Studies have shown that municipal bonds “disproportionately … shelter those who are most affluent,” Wyden said, adding that a tax-credit bond proposal would be more inclusive, and would engage all taxpayers, not just wealthy earners in the highest brackets. More investors will be interested in buying state and local debt with a tax-credit bond system, he said.
Wyden’s move to tax-credit bonds has been criticized by market participants because the current market for such securities is thin and has inefficiencies of its own. For instance, tax-credit bond issuers often have to add a supplemental coupon to the tax credit to sell the bonds to investors.
When asked if his proposed tax-credit bond proposal would catch on with investors, Wyden pointed to the success of the Build America Bond program.
“With Build America Bonds, we saw enormous success,” he said. BABs are “a perfect example” for the tax-credit bond proposal, he said.
BABs offered issuers the option to issue either taxable, tax-credit bonds or direct-pay bonds under which the federal government would pay them a subsidy equal to 35% of interest costs, in lieu of providing investors with tax credits. During the two-year life of the BAB program, no issuer sold BABs with the tax-credit option.
The call to eliminate tax-exempt interest on state and local debt has gained momentum as part of a larger initiative for deficit reduction and tax reform. In December, President Obama’s National Commission on Fiscal Responsibility and Reform, headed by former Sen. Alan Simpson and Erskine Bowles, chief of staff in the Clinton administration, called for tax-exempt interest to be eliminated.
Before Wyden spoke, Paul Weinstein, one of the panelists who was a senior adviser on the president’s deficit commission, talked about a tax-reform plan that he co-authored and released Tuesday that would phase out tax-exempt interest on state and local debt.

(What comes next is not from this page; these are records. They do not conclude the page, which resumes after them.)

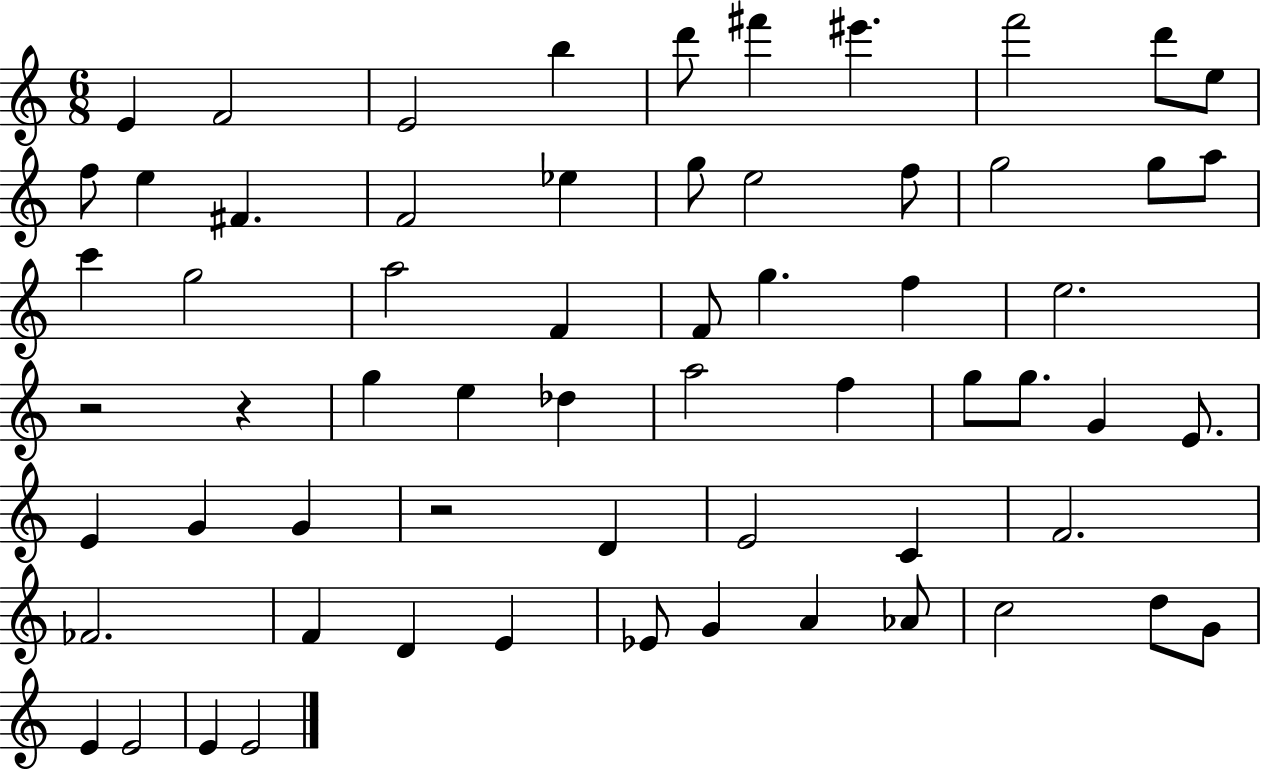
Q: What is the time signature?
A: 6/8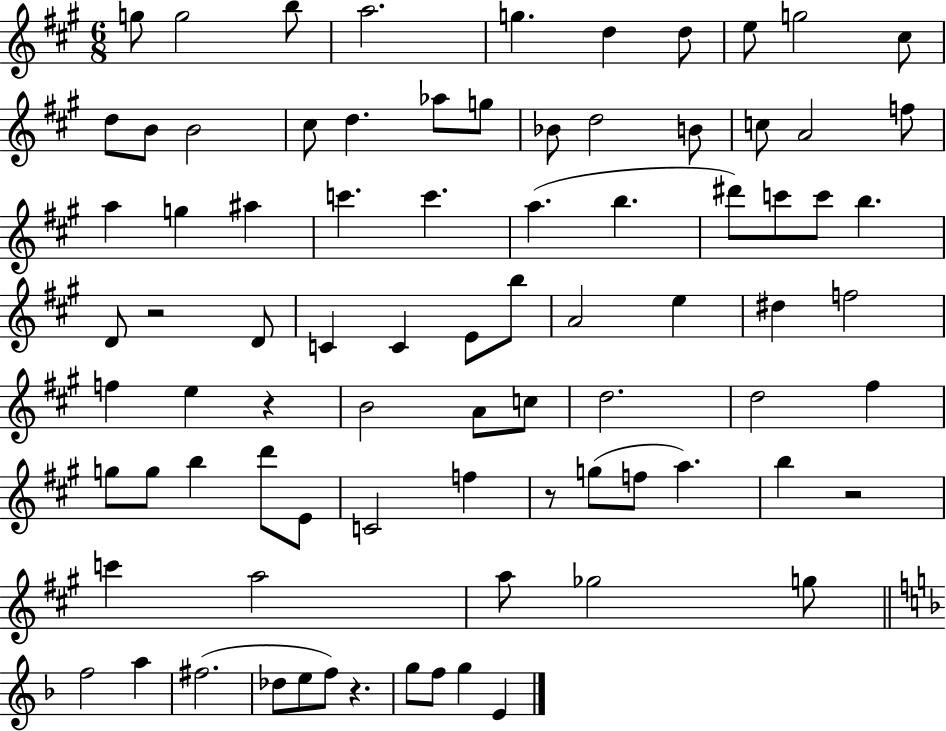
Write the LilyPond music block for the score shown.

{
  \clef treble
  \numericTimeSignature
  \time 6/8
  \key a \major
  g''8 g''2 b''8 | a''2. | g''4. d''4 d''8 | e''8 g''2 cis''8 | \break d''8 b'8 b'2 | cis''8 d''4. aes''8 g''8 | bes'8 d''2 b'8 | c''8 a'2 f''8 | \break a''4 g''4 ais''4 | c'''4. c'''4. | a''4.( b''4. | dis'''8) c'''8 c'''8 b''4. | \break d'8 r2 d'8 | c'4 c'4 e'8 b''8 | a'2 e''4 | dis''4 f''2 | \break f''4 e''4 r4 | b'2 a'8 c''8 | d''2. | d''2 fis''4 | \break g''8 g''8 b''4 d'''8 e'8 | c'2 f''4 | r8 g''8( f''8 a''4.) | b''4 r2 | \break c'''4 a''2 | a''8 ges''2 g''8 | \bar "||" \break \key d \minor f''2 a''4 | fis''2.( | des''8 e''8 f''8) r4. | g''8 f''8 g''4 e'4 | \break \bar "|."
}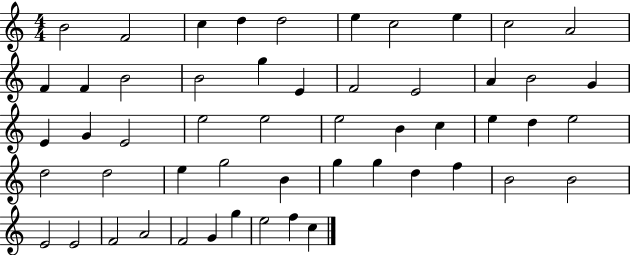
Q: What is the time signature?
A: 4/4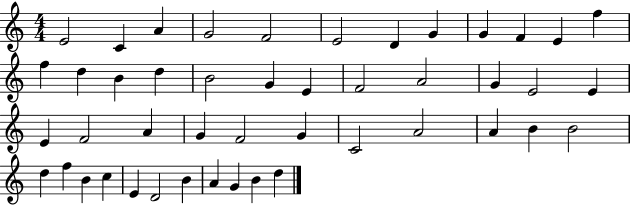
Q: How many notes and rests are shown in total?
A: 46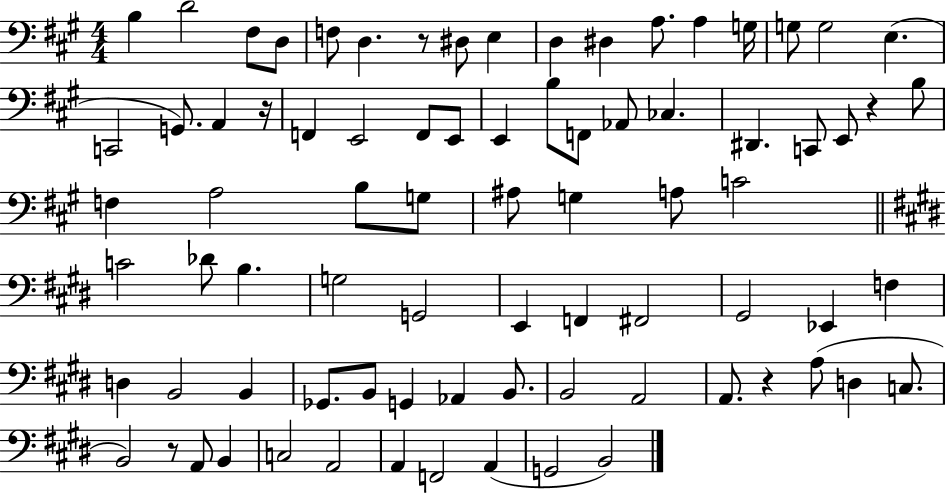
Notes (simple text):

B3/q D4/h F#3/e D3/e F3/e D3/q. R/e D#3/e E3/q D3/q D#3/q A3/e. A3/q G3/s G3/e G3/h E3/q. C2/h G2/e. A2/q R/s F2/q E2/h F2/e E2/e E2/q B3/e F2/e Ab2/e CES3/q. D#2/q. C2/e E2/e R/q B3/e F3/q A3/h B3/e G3/e A#3/e G3/q A3/e C4/h C4/h Db4/e B3/q. G3/h G2/h E2/q F2/q F#2/h G#2/h Eb2/q F3/q D3/q B2/h B2/q Gb2/e. B2/e G2/q Ab2/q B2/e. B2/h A2/h A2/e. R/q A3/e D3/q C3/e. B2/h R/e A2/e B2/q C3/h A2/h A2/q F2/h A2/q G2/h B2/h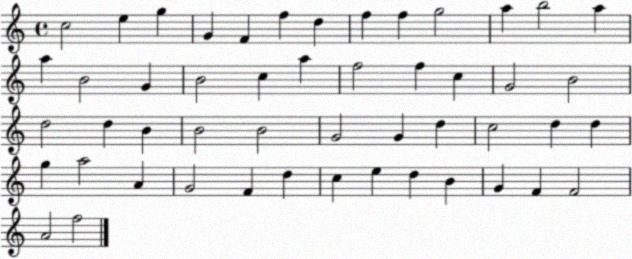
X:1
T:Untitled
M:4/4
L:1/4
K:C
c2 e g G F f d f f g2 a b2 a a B2 G B2 c a f2 f c G2 B2 d2 d B B2 B2 G2 G d c2 d d g a2 A G2 F d c e d B G F F2 A2 f2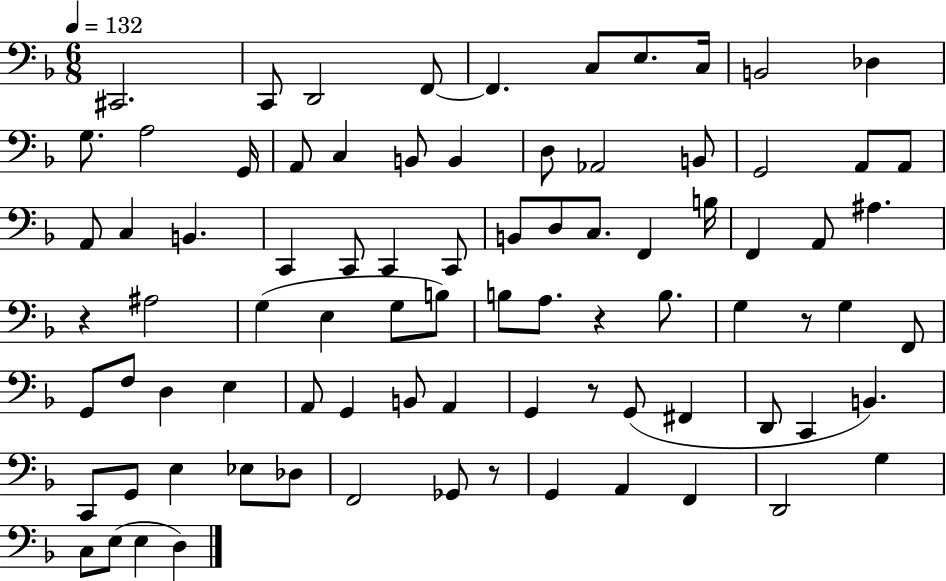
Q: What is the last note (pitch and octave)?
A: D3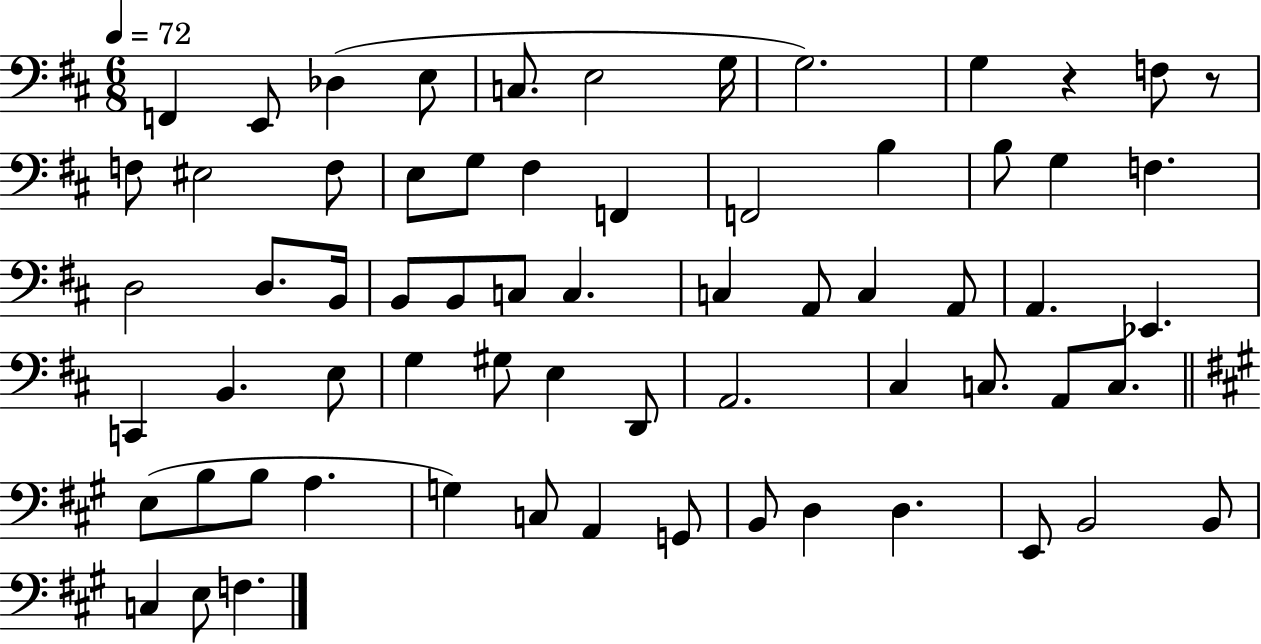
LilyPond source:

{
  \clef bass
  \numericTimeSignature
  \time 6/8
  \key d \major
  \tempo 4 = 72
  f,4 e,8 des4( e8 | c8. e2 g16 | g2.) | g4 r4 f8 r8 | \break f8 eis2 f8 | e8 g8 fis4 f,4 | f,2 b4 | b8 g4 f4. | \break d2 d8. b,16 | b,8 b,8 c8 c4. | c4 a,8 c4 a,8 | a,4. ees,4. | \break c,4 b,4. e8 | g4 gis8 e4 d,8 | a,2. | cis4 c8. a,8 c8. | \break \bar "||" \break \key a \major e8( b8 b8 a4. | g4) c8 a,4 g,8 | b,8 d4 d4. | e,8 b,2 b,8 | \break c4 e8 f4. | \bar "|."
}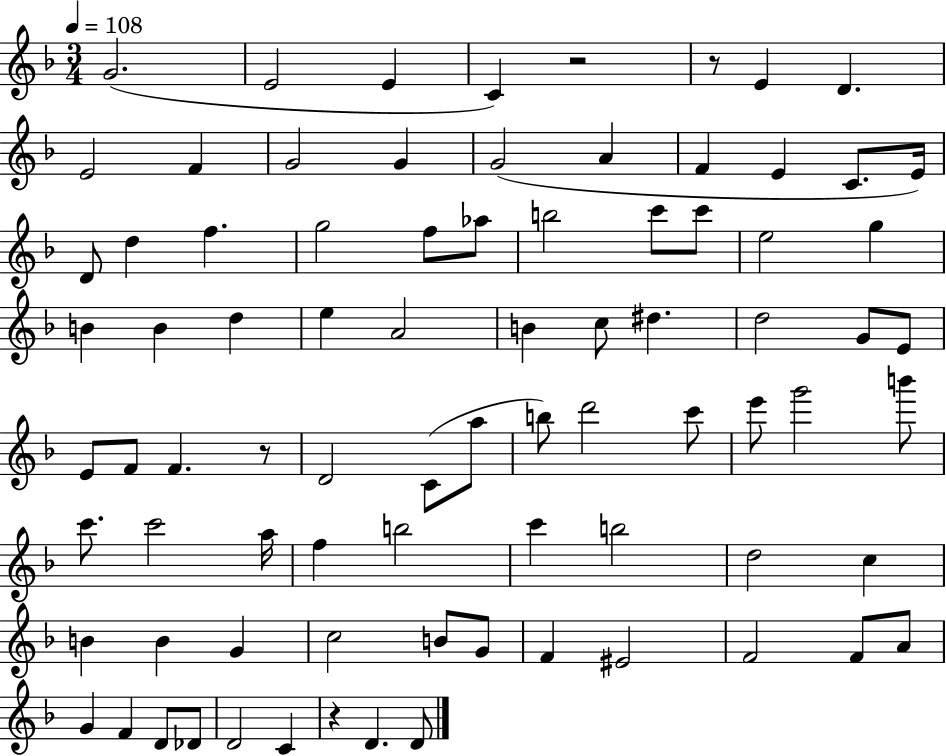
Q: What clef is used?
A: treble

The plan recommended tax-exempt interest on state and local debt be gradually phased out over five to 10 years. The plan’s other author, Marc Goldwein, policy director at the Committee for a Responsible Federal Budget, also served on the deficit commission as an associate director.
One of the other panelists, Alan Viard, a resident scholar at the American Enterprise Institute and formerly an economist at the Federal Reserve Bank of Dallas, said the phase-out of municipal tax-exempt interest is important because the current municipal bond system is inefficient.
Municipal bonds encourage “additional capital spending for state and local governments,” Viard said. Most of the tax-exemption subsidy “really is just a windfall gain to the highest tax bracket” earners, he said, adding that he favors a gradual phase out and that keeping the tax exemption for existing municipal bonds “is absolutely imperative.”